登録

会員登録いただけると、

  • メールマガジンの受け取り
  • 相談の広場への投稿 等

会員限定のサービスが利用できます

登録(無料)を続ける
TOP > 記事一覧 > 人事・労務 > 「最近の若者は…」と思ったら。世代間ギャップを埋めるためにすべきこと 
上司 悩む

「最近の若者は…」と思ったら。世代間ギャップを埋めるためにすべきこと 

2022.10.04

この春の法改正(ハラスメント対策強化)の話題もあり、経営者や管理職の方々からは、若手世代とのコミュニケーションに悩んでいるという相談が多く寄せられるようになりました。

今回は、一般社団法人 日本ES(人間性尊重経営)開発協会の代表理事である筆者が、若手世代とのコミュニケーションを円滑にするために知っておきたい考え方や改善策をご紹介します。

「最近の若者は…」に要注意

まず注意しなければいけないのは、「最近の若者は」という言葉です。「最近の若者」という括りが具体的にどのような年齢層や特性を指しているのかは人によって意味が異なります。“若者”とひとくくりにしても、当人が育ってきた環境等によって特性はさまざまであり、それらを総合して「最近の若者は〇〇である」という断定的な言い方をすることは、真意や背景を掴みづらくなり、円滑なコミュニケーションを阻害してしまいます。まずは、「うちの若手は~」「最近の若者は~」と言いたくなった時に、自分自身の固定的な物の見方・捉え方が投影されていないか、確認する必要があるでしょう。

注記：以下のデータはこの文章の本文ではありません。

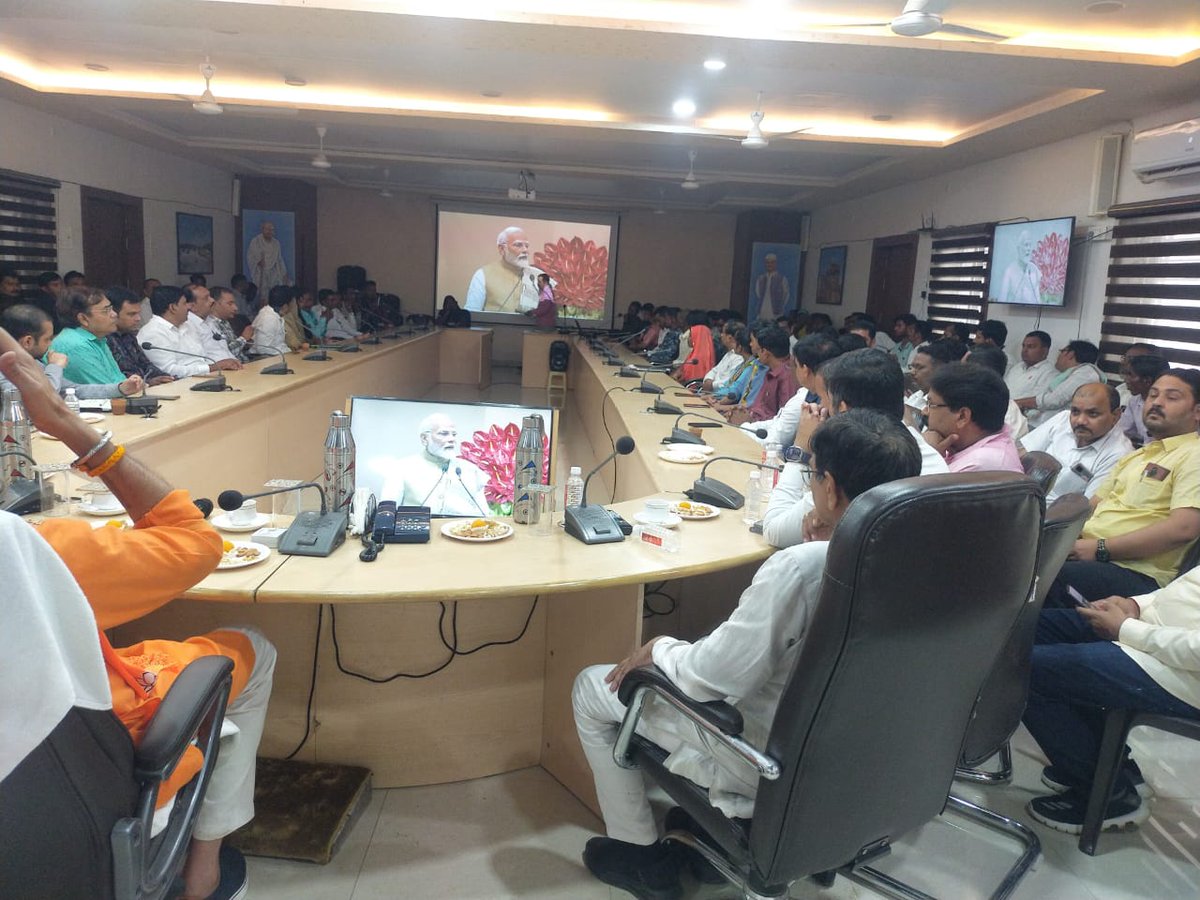 DproLalitpur's tweet photo. #SBD2024
#SHS2024
#DMLALITPUR
#UPPANCHAYATIRAJ https://t.co/zupfhmSr9k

コミュニケーションの問題は、世代に関わらず、すべての年代に共通するものです。上司・部下間、部署間、同じ職場の中、チーム内等、様々な境を超えた情報共有や意思疎通において、必ず直面する課題でもあります。だからこそ、そもそも自分自身がどのようなことを伝え、どのような関わりをもちたいのか、あるいはどのような職場や組織をつくっていきたいのか、自分自身のビジョンをまずは明確にする必要があると言えます。

【こちらの記事も】社員が定着しない…見落としがちな中小企業の人材確保のワナ

価値観の変化を掴む必要性

一方で、個々の価値観の変化に気づくことも重要です。例えば、2019年に発表された調査によると、新入社員における“就労意識”は下記の通りです。

1位 社会や人から感謝される仕事がしたい
2位 仕事を通じて人間関係を広げていきたい
3位 ワークライフバランスに積極的に取り組む職場で働きたい
4位 どこでも通用する専門技術を身につけたい
5位 高い役職につくために、少々の苦労はしても頑張る

出典:「平成31年度新入社員『働くことの意識』調査結果」 / (公財)日本生産性本部/(一社)日本経済青年協議会

リーマンショック直後の2009年に発表された同調査結果では5位以内に入っていなかった「ワークライフバランスに積極的に取り組む職場で働きたい」が上位に挙がっていると共に、「社会や人から感謝される仕事がしたい」が1位になったのが、この2019年の調査でもありました。高度経済成長期、バブル崩壊後、就職氷河期等、育ってきた社会環境は人によって異なります。そのときの社会の姿や、その影響をうけた大人たちの中で形成された仕事観が、時代によって変化するのは当然のことです。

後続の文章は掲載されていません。